Have you noticed that your child is easily distracted, has trouble following directions, and can’t seem to finish tasks? Perhaps he or she doesn’t listen to others, can’t focus on schoolwork, and can’t sit still. Are these behaviors just part of growing up, or could your child have an attention deficit disorder?
Attention-deficit/hyperactivity disorder (AD/HD) is a chronic condition affecting children and adults that is characterized by problems with attention, impulsivity, and over-activity. It affects 2 to 5 percent of school-age children and 2 to 4 percent of adults. (Up to half of those with AD/HD as children continue to have some problems as adults.)
AD/HD is the most commonly diagnosed mental disorder of children in this country. The disorder is most often is discovered during the early school years, when a child begins to have problems paying attention. AD/HD (includes hyperactivity/impulsivity) is more common in boys, while ADD (without hyperactivity) is more common in girls.
Types of AD/HD
AD/HD is grouped into three types: inattentive, hyperactive-impulsive, and combined (children exhibit signs of both inattentiveness and hyperactive-impulsive behavior). A diagnosis the type depends on the specific symptoms the person has. It is a complex condition, and symptoms may look different with different people.
The symptoms tend to change over time and vary across age groups, with hyperactivity-impulsivity more common in children, and more inattentive symptoms during adulthood. The cause of AD/HD is not known, but it’s believed that many factors contribute to the condition, including heredity (AD/HD tends to run in families), a chemical imbalance in the brain, a prenatal infection, brain trauma, and lead toxicity.

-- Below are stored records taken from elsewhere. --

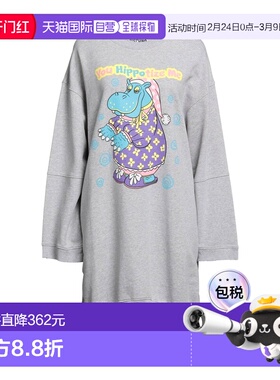 1h可退 香港直邮Moschino 莫斯奇诺 女士 短款连衣裙 grey灰色 舒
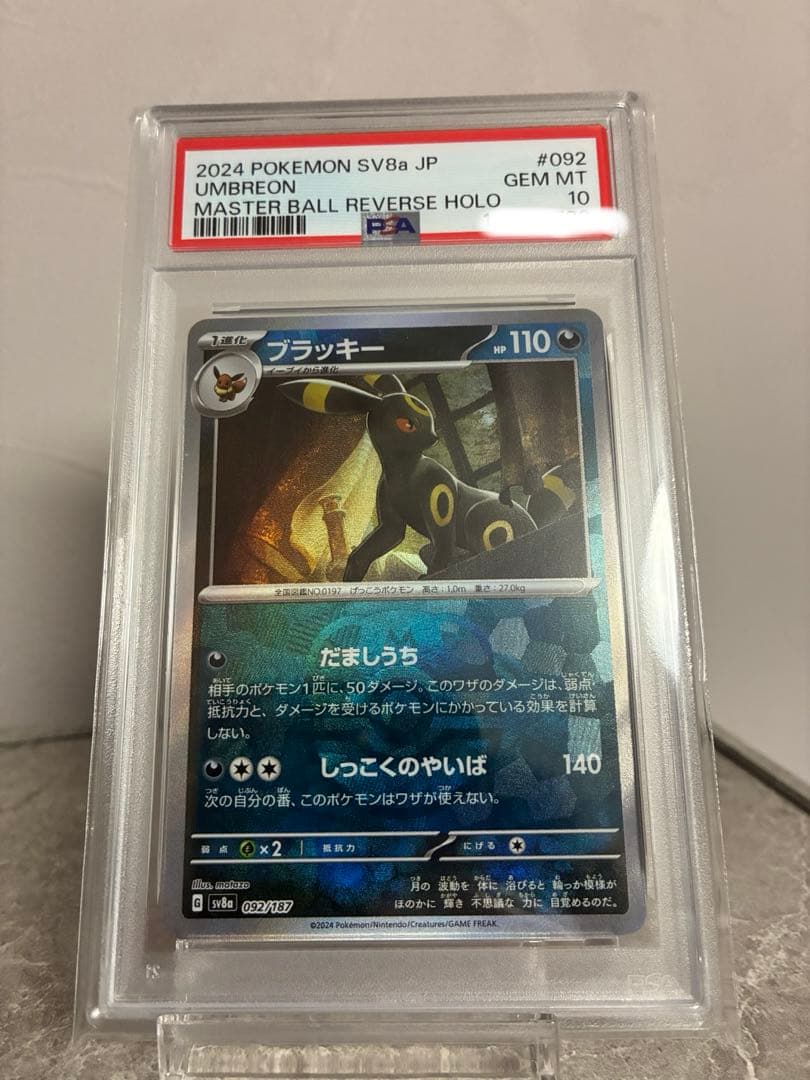 m*9様 【PSA10】ブラッキー マスボミラー 、マスターボールミラー PSA10】 ブラッキー(マスターボール柄/ミラー仕様) 092/187 1枚の通販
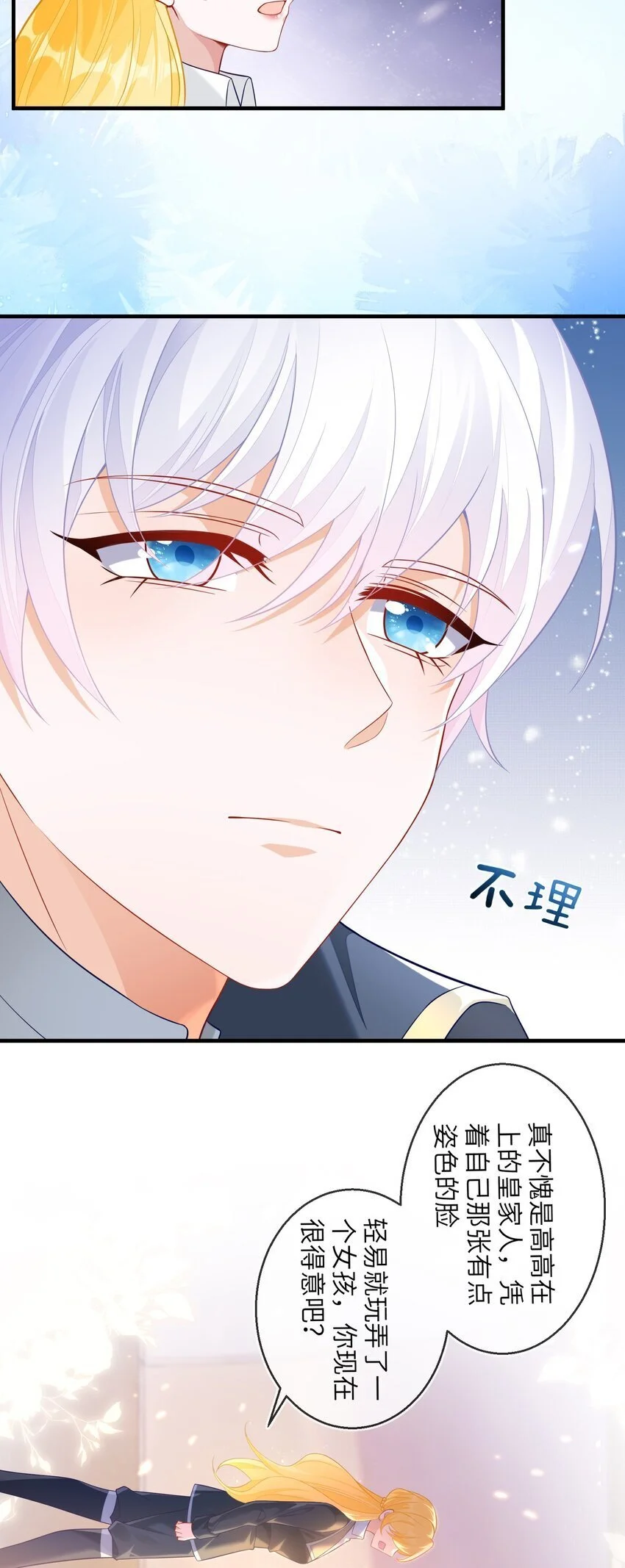 20 他回来了18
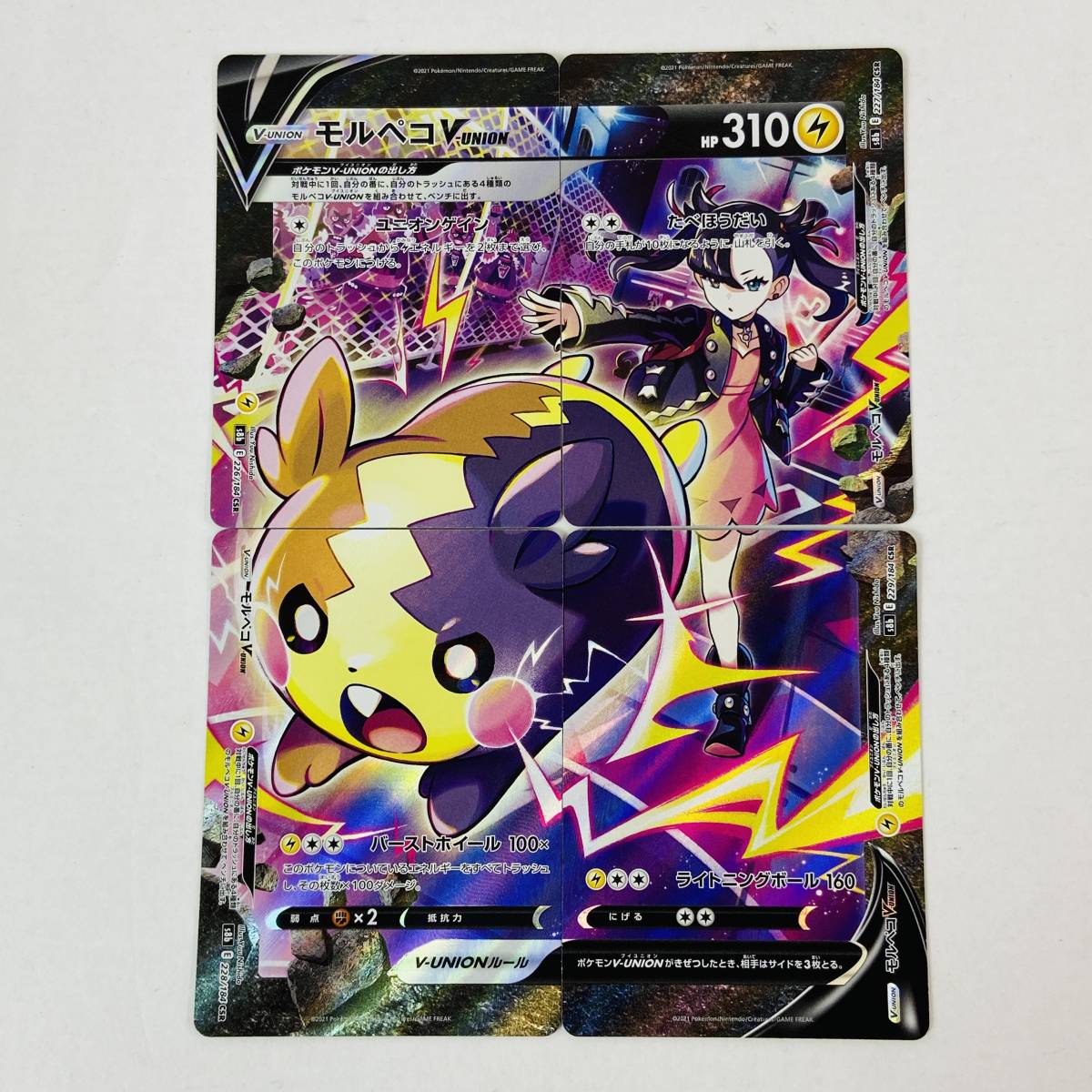 20665)〇【1円スタート】ポケモンカード ポケカ モルペコ V-UNION CSR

Problems Faced for Those with AD/HD
AD/HD can lead to significant behavioral, emotional, social, and academic problems for both children and adults. It can interfere with a child’s performance in school and with his or her ability to make and keep friends. Both of these can negatively impact a child's self-esteem. Children with AD/HD also are at risk for developing conduct disorder, depression, or an anxiety disorder. They are also more likely to have a learning disability.

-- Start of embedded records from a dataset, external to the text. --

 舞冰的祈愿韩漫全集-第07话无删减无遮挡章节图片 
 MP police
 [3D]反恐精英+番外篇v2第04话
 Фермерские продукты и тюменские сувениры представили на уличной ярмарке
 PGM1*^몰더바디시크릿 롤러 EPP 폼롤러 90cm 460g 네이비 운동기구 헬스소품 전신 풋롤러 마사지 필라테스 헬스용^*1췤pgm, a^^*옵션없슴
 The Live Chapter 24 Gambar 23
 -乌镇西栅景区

For adults, AD/HD can affect all parts their lives, including their work and their relationships. A person may be disorganized and have trouble keeping up at work. Adults with this disorder also have higher incidences of substance abuse as well as legal issues related to speeding tickets and motor vehicle accidents.

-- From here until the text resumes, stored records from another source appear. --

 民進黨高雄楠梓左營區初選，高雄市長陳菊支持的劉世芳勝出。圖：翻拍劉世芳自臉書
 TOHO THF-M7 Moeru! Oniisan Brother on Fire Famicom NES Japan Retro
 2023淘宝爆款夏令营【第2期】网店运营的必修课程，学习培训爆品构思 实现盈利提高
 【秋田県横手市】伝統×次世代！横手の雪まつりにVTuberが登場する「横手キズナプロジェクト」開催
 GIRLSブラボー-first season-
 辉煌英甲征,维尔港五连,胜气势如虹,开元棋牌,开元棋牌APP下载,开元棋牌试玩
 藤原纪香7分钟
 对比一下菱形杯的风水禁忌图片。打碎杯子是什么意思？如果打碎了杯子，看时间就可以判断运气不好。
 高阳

Just because a child or adult doesn’t pay attention doesn’t mean he or she has AD/HD. It’s important to explore all of the possibilities that could explain someone’s behavior.
A medical history and physical exam should be done first to rule out conditions like lead toxicity, vision problems, or hearing deficits. If a physical disorder isn’t found, a child should be seen by a specialist in childhood development disorders, such as a child and adolescent psychiatrist or psychologist or other health professional trained to diagnose and treat AD/HD. Adults also should be seen by a trained professional.
A diagnosis of AD/HD is a clinical diagnosis based on a child’s history and behaviors that prevent the child from performing at an appropriate level for his or her age and intelligence.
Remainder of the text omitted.